Il “voi” riferito a un singolo è oggi in regresso. Il regime fascista giudicava il “lei” capitalista e plutocratico e imponeva il “voi”, sembrava più virile e bellicoso. I risultati furono buffi. Si arrivò a sostituire il titolo della rivista femminile Lei con un nuovo nome, Annabella. Ma Lei di quel titolo non era pronome personale di cortesia, indicava che la rivista era dedicata alle donne e non agli uomini, a Lei e non a Lui. Con la caduta del fascismo, l’uso del “voi” decade ma non scompare del tutto. Il “voi” resiste in molti dialetti dell’Italia del sud, sentito come una forma di rispetto. A Napoli sono ancora frequenti domande del tipo: «Vi piace questa camicia? La volete comprare?». Anche all’università qualche studente chiede: «Professore, mi dite a che ora cominciano gli esami?». Specie nelle realtà rurali è ancora abbastanza diffuso l’uso del “voi” quando ci si rivolge a persone anziane o di grande importanza e superiorità morale.

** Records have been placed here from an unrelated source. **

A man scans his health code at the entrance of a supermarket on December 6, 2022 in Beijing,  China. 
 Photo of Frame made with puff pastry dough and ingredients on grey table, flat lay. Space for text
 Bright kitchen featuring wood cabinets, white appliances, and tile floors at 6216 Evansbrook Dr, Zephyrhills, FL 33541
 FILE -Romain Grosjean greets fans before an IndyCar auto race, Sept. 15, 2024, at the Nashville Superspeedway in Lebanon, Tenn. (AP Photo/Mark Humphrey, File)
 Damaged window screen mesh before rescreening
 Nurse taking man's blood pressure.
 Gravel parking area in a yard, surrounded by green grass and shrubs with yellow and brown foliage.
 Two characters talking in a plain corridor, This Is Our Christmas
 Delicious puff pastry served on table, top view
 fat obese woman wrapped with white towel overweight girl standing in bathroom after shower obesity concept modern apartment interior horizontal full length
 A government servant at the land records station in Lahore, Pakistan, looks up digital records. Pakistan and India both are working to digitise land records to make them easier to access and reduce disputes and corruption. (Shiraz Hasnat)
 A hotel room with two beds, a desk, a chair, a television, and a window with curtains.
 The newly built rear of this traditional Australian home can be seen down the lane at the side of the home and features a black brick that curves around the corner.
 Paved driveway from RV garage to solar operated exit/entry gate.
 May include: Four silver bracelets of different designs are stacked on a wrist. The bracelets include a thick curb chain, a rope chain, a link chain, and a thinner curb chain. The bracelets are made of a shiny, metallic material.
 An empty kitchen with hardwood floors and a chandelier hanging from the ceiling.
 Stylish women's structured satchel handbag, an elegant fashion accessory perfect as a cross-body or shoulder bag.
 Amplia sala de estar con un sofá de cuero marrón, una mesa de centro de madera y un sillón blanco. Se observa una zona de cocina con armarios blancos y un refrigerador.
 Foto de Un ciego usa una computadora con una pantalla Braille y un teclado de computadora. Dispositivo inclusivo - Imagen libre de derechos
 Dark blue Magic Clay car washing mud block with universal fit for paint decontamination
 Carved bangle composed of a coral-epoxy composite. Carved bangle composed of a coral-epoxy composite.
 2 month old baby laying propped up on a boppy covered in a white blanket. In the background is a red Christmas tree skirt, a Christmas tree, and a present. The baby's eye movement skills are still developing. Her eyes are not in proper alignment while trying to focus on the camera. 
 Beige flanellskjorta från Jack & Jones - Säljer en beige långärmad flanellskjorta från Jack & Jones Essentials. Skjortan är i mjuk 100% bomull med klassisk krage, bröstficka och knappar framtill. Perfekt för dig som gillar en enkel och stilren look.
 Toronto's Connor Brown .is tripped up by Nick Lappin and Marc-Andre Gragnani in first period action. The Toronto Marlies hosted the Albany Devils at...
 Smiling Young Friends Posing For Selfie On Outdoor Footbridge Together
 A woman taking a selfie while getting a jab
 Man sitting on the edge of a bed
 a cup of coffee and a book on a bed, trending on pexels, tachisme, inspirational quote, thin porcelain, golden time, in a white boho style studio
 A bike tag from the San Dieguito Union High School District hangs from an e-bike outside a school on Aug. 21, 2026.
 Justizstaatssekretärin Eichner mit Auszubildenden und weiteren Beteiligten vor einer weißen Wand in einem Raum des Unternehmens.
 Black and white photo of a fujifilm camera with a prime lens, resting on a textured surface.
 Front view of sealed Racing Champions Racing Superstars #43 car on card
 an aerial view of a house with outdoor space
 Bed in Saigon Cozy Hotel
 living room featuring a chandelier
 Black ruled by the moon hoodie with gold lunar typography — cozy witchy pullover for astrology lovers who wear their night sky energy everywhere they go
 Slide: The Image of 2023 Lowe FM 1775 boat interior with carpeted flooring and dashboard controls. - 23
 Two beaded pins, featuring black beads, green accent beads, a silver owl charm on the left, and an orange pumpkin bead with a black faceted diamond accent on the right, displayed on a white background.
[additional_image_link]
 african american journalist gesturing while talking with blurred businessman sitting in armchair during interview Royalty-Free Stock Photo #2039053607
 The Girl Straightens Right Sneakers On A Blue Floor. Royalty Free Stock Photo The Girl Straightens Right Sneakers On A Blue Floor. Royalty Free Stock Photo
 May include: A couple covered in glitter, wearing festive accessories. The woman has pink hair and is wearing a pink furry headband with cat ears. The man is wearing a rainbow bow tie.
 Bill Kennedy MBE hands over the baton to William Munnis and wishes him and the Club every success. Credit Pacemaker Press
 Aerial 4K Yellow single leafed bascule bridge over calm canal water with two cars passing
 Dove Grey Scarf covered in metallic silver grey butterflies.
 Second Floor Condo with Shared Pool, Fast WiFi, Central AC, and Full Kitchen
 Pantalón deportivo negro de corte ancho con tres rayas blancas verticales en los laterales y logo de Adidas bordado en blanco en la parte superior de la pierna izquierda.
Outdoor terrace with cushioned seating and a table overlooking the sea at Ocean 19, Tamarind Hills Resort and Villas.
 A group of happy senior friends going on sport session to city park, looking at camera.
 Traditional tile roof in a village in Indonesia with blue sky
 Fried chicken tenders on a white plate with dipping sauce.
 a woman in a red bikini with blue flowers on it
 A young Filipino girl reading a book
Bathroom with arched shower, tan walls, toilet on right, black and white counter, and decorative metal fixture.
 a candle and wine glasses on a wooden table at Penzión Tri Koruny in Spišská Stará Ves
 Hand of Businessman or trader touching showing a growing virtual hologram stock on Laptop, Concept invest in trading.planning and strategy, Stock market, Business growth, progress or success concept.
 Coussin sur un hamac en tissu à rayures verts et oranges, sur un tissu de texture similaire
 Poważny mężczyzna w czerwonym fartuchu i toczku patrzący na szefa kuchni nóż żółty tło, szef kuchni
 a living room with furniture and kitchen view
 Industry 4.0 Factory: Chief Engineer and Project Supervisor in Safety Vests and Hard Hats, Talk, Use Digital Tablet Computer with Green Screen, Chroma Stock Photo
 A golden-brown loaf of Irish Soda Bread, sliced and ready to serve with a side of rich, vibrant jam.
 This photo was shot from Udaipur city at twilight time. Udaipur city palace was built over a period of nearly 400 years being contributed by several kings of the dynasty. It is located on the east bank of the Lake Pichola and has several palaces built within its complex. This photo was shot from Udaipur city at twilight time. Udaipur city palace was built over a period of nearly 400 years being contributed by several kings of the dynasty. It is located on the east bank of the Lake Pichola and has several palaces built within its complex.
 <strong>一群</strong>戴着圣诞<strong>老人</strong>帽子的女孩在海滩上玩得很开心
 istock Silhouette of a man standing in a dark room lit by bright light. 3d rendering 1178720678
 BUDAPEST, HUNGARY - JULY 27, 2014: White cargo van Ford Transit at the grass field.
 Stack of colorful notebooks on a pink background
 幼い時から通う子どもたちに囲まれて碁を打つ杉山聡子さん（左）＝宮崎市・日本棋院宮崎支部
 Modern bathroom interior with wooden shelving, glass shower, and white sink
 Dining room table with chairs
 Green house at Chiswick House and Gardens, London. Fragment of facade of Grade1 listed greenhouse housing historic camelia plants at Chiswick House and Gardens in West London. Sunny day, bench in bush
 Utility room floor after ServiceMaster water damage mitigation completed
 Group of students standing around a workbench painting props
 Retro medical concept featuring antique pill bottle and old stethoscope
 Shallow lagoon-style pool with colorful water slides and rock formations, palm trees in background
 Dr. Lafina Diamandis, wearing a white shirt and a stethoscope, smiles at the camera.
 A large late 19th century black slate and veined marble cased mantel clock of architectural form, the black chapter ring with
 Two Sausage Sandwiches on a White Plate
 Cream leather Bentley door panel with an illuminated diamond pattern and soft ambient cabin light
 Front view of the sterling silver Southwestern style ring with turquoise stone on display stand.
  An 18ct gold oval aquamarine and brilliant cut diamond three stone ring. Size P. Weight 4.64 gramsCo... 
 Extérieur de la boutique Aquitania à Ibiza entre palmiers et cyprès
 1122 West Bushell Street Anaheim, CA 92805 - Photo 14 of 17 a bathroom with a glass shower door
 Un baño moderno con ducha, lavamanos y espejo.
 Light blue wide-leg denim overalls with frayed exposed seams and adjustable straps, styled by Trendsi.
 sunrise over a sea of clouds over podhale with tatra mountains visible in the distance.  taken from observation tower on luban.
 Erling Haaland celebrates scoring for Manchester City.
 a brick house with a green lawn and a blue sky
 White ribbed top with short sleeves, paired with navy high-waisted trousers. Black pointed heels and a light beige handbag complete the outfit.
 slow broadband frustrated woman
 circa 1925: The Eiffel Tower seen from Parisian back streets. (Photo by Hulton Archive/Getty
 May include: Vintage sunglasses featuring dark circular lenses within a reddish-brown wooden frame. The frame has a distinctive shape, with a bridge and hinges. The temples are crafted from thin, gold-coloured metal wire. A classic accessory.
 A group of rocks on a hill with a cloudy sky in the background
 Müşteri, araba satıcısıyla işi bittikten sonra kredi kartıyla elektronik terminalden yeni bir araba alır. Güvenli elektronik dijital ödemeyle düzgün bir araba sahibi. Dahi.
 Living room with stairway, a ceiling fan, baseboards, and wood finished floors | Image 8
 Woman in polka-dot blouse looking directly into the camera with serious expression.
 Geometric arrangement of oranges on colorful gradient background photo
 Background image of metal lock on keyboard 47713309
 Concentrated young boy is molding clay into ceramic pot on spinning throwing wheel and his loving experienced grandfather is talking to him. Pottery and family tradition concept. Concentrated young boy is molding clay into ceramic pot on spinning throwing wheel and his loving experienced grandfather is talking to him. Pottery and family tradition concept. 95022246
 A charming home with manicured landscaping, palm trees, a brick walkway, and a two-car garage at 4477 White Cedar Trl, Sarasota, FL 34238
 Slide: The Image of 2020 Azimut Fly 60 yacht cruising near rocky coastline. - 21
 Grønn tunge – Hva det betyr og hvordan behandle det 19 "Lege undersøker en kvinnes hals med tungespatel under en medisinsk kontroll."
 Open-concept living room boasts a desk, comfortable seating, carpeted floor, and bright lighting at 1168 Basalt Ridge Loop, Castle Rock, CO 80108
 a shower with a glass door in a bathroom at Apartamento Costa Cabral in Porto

Altre forme sono in totale disuso, quasi nessuno le usa più. Una volta, per rispetto, in un’aula universitaria o in una conferenza, si usava il plurale “loro” («come loro sanno…»). Usato ormai in senso ironico è l’arcaico “lorsignori”; dire «come lorsignori m’insegnano…» equivale a una presa in giro degli ascoltatori. I dialetti conservano più tenacemente forme arcaiche. Nel siciliano è ancora attestato (in calo tra i giovani), l’uso del “vossìa”, contrazione di Vossignoria che vuol dire Vostra Signoria. In Salento, nel contado e nei ceti popolari, verso estranei e persone giudicate di livello superiore, si usa come appellativo “Signuria”, con il verbo alla seconda persona singolare (per es. «Signuria, comu stai?»).
Tutto un mondo in quelle parolette, nei pronomi.